Ложная самость, которую мы были вынуждены создать в ответ на требования семейного и культурного окружения, заставляет нас терзаться от непрекращающегося ощущения неправильности, тем более что через сновидения, интуицию и различные симптомы до нас постоянно пытается достучаться нечто, чего мы не понимаем, но что имеет колоссальное значение.
Как-то один молодой студент-раввин спросил своих учителей, почему в нынешние времена Бог не является так ярко и масштабно, как это было с Моисеем и Авраамом. Ему ответили, что мы не склоняемся достаточно низко, чтобы услышать голос Бога. Обычно, чтобы услышать голос психики, сначала требуется, чтобы нас сбили с ног и заставили слушать. Хорошо бы всё обстояло иначе, но так не бывает. Все наши попытки неизменно терпят поражение.

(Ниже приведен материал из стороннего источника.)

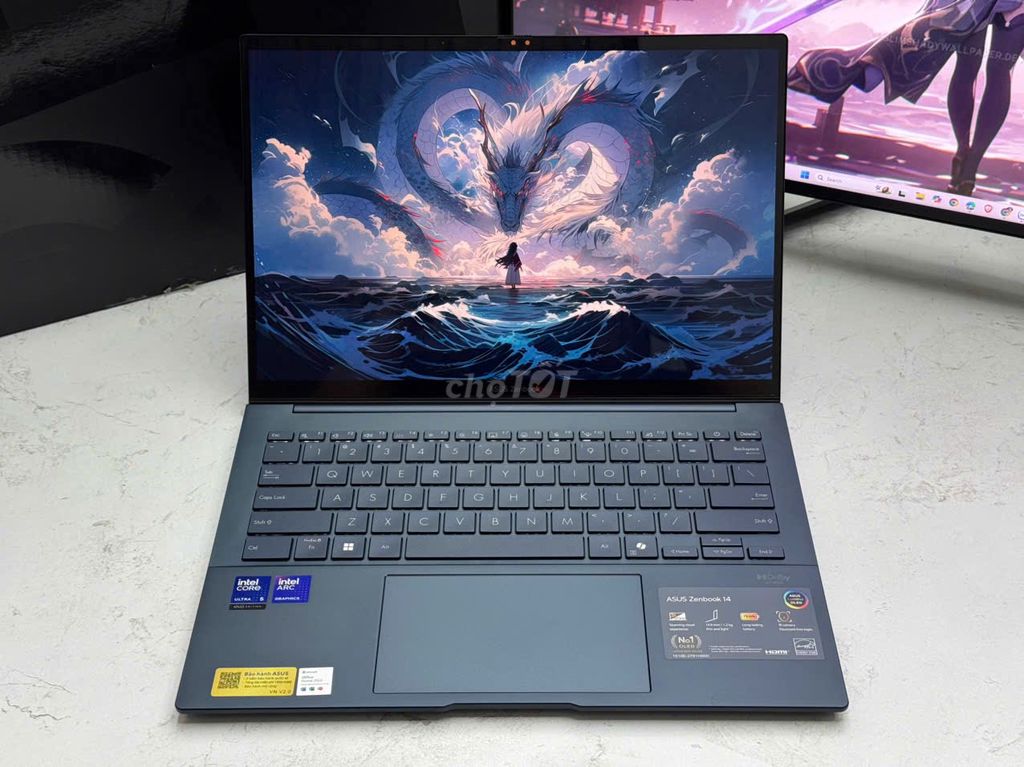 Laptop ASUS Zenbook 14 UX3405CA  ASUS ZenBook S14. Mua bán Laptop tại Quận Phú Nhuận Tp Hồ Chí Minh được đăng bởi Laptop Tèo Em hình 1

Вспомните, что вопрос первой половины жизни звучит следующим образом: «Чего хочет от меня мир и могу ли я удовлетворить его требования, невзирая на собственные страх и бессилие?» Вопрос же второй половины жизни звучит так: «Чего хочет от меня моя психика (душа)?» Полноценная жизнь требует, чтобы мы страдали и боролись за то, чтобы найти в себе ответ на оба вопроса.
Воссоздание психики через попытки вспомнить о ней является задачей, которая направляет нас домой — к себе. Несколько лет назад кто-то спросил у меня, где я живу. На мгновение я отвлёкся, и перед моим мысленным взором появился своеобразный внутренний монитор, по которому побежали слова. Через несколько неловких секунд я почему-то решил ответить: «Цюрих», хотя в то время жил в США. Уже открыв рот, я сообразил, что подобный ответ не будет понят, поэтому наконец взял себя в руки и назвал город, в котором проживал, — Нью-Джерси.
Позже, размышляя над этим необычным опытом, я понял, что моя психика сказала мне нечто очень важное. Место, где мы живём, не обязательно является тем самым, где физически обитает наше тело. Мы принадлежим царству психики, и в моём Цюрих был и остаётся символом смирения и развития, а также окончательного принятия того, что моей жизнью управляет нечто большее, чем эго. Неважно, где я живу, моё путешествие — это мой дом.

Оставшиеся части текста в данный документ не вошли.